Assignment:
Transcribe the lines exactly, beginning with the one that contains "Fit and muscular" and ending with the final line of the records. Do not transcribe pictures.

[Records from a collection]
++++++++++++++++++++

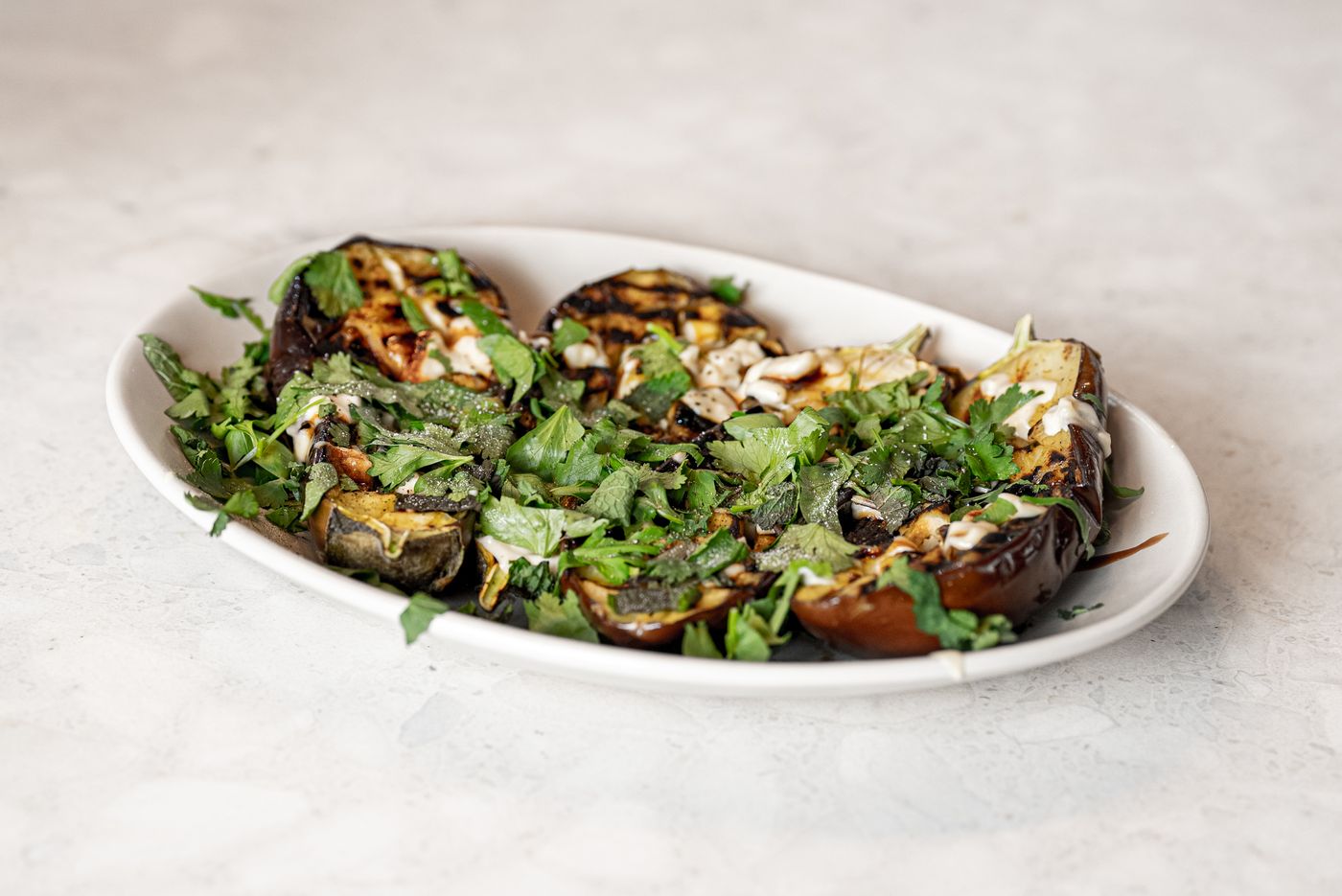 Herby roasted eggplant with tahini; roasted eggplant rounds, chopped fresh green herbs, white creamy drizzle, browned nuts or seeds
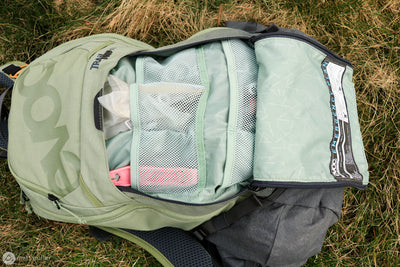 EVOC Trail Pro 16L backpack open revealing multiple storage compartments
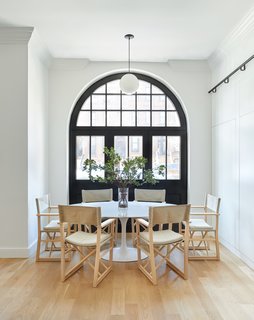 Two Renovated Carriage Houses in Brooklyn Hit the Market - Photo 7 of 13 - The original archway, through which horse-drawn carriages once entered, has been preserved and updated with custom glass-and steel-windows. 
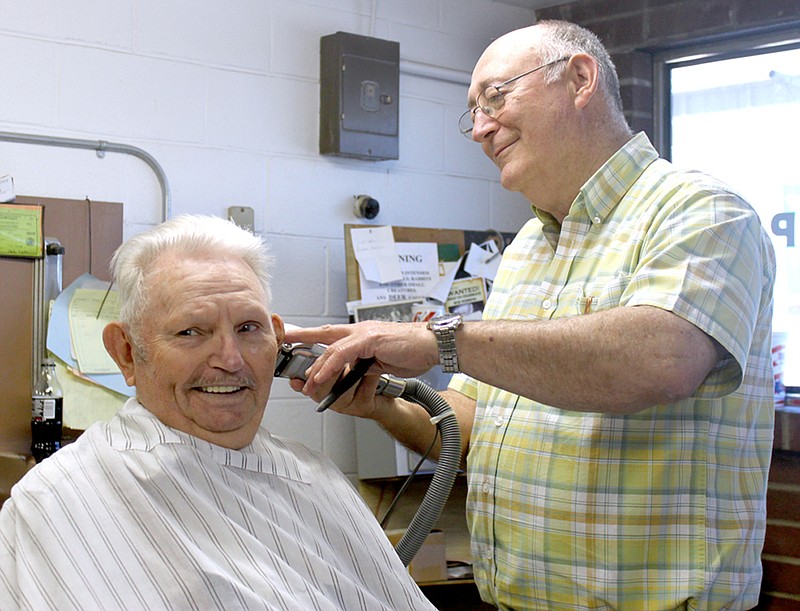 LYNN KUTTER ENTERPRISE-LEADER Eddie McClelland, right, is retiring after 48 years cutting hair as a barber in Prairie Grove. William Frederick said he's been coming to Jack's Barber Shop probably for almost 48 years. Customers come to the shop from all over, including Prairie Grove, Farmington, Fayetteville and even as far away as Springdale.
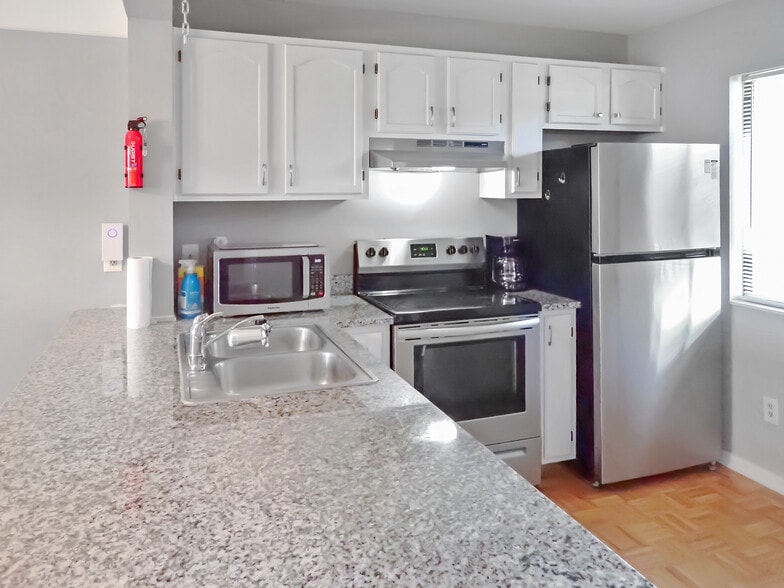 Upgraded kitchen, new granite countertop, stainless steel appliances. - 3601 Saint Johns Ct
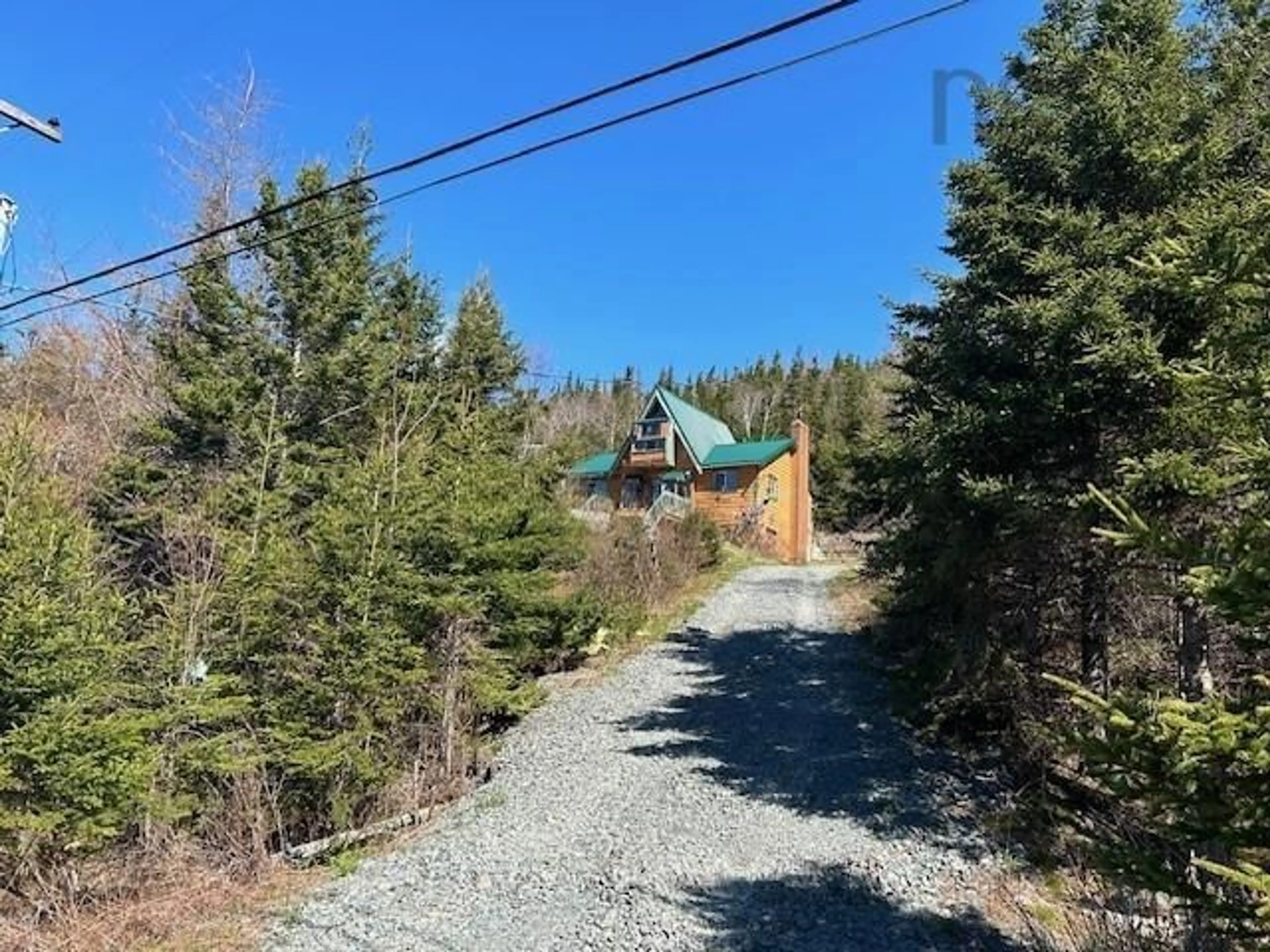 A pic from outside/outdoor area/front of a property/back of a property/a pic from drone, forest/trees view for 115 Church Point Rd, Sheet Harbour Nova Scotia B0J 3B0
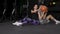 Fit and muscular couple exercising with medicine ball at gym slow motion.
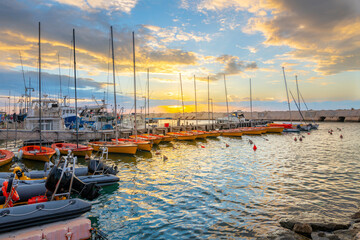 A colorful sunset sky above the boats moored at the Jaffa port Harbor, the oldest seaport in the...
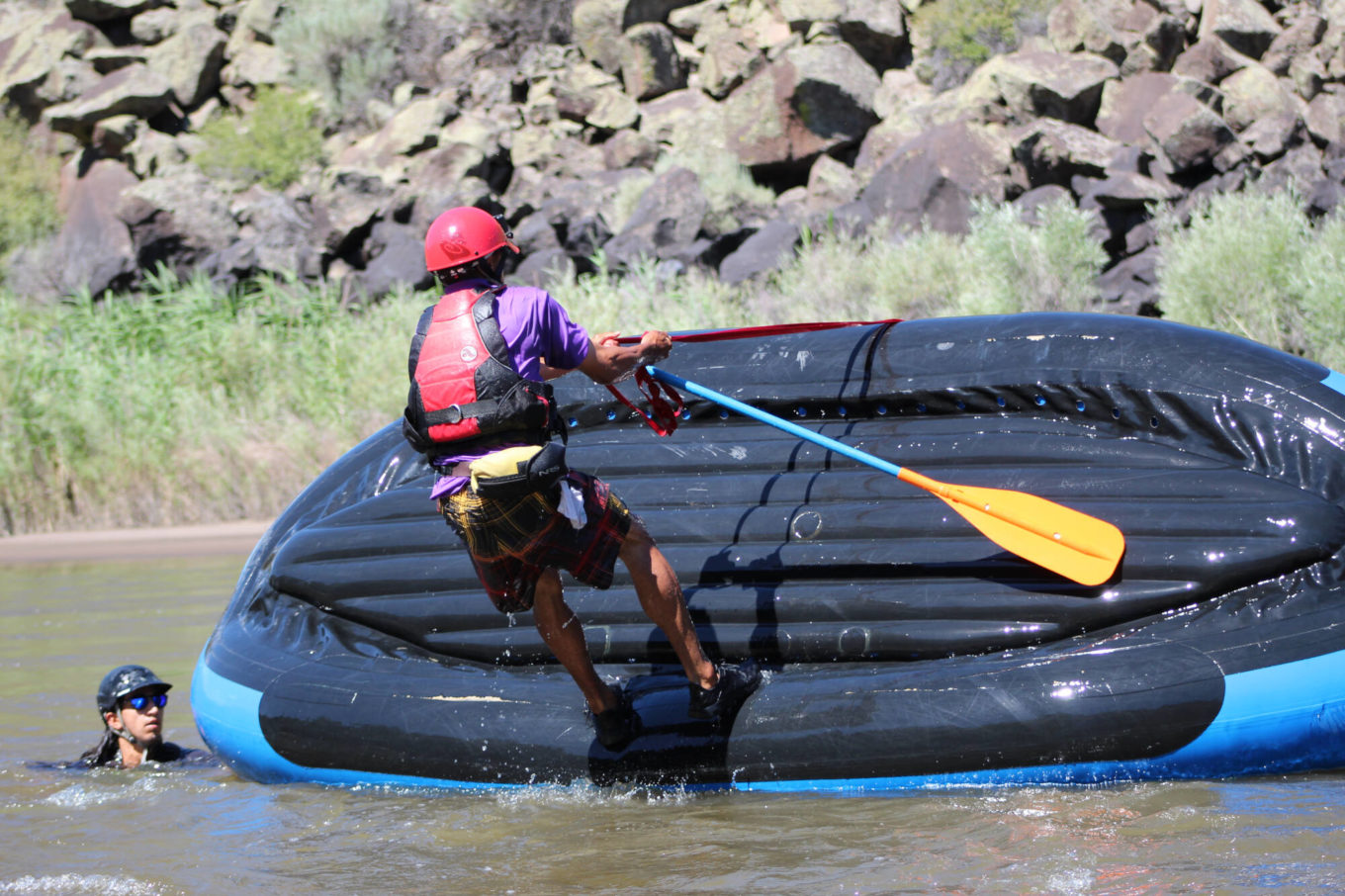 Pulling raft over during swiftwater rescue courses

++++++++++++++++++++

Answer to this task:
 Fit and muscular couple exercising with medicine ball at gym slow motion.
 A colorful sunset sky above the boats moored at the Jaffa port Harbor, the oldest seaport in the...
 Pulling raft over during swiftwater rescue courses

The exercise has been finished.